Like many Acuras, the RDX suffers for being a 'tweener. Its size and pricing put it roughly in the same category as the BMW X3 and Audi Q5, but its exclusive reliance on four-cylinder power and its overall disposition are much closer to the cheaper Mini Countryman and other "sporty" compact crossovers. This leaves the RDX ill-equipped to compete in either class -- it lacks the refinement and premium feel to compete with BMW or Audi, and yet is too expensive (and too big) to square off against sportier, cheaper crossovers. Acura hurts itself further by making its excellent all-wheel-drive system an extra-cost option while BMW and Audi make it standard. As such, our $36,480 test model suffers from steering-wheel-tugging torque steer not unlike what you find in a $20,000 Nissan Juke. As Joe notes, the ride doesn't help matters -- the rear suspension in particular jumps over speed bumps. The interior hews more toward the Honda Civic and CR-V than other Acuras.

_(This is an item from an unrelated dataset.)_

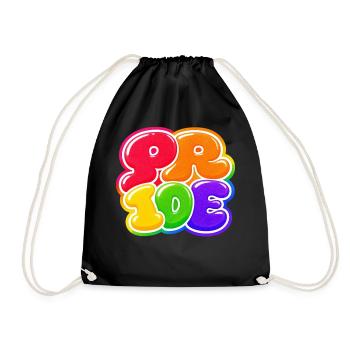 Pride Bubble Rainbow CSD Shirt Sticker - Drawstring Bag - black - Front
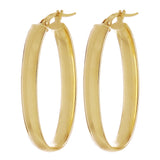 Italian 14kt Yellow Gold Hollow Oval Hoop Drop Earrings 1.4" 5.9mm 2.8 grams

Despite all this, the RDX isn't a bad vehicle. The interior, although lacking in materials quality, is very comfortable and well thought out. I particularly like the deep, lockable center console. Like many Honda vehicles, it's easy to see out of, thanks to a low beltline and relatively thin pillars. The steering is also typical for Honda -- accurate and quicker than most. The turbocharged 2.3-liter engine isn't as refined as Audi's class-leading turbo four but it provides excellent mid-range passing power and would, I suspect, benefit immeasurably if paired with a modern transmission and all-wheel-drive.
A redesign that addresses the interior quality and ride would do wonders for this vehicle. The real work, though, should be done in the marketing department. Acura needs to decide whether the RDX is a zippy, sporty compact crossover, in which case it needs a cut in size and price, or the brand needs to commit to competing against the big boys and develop a vehicle that can meet them head-on.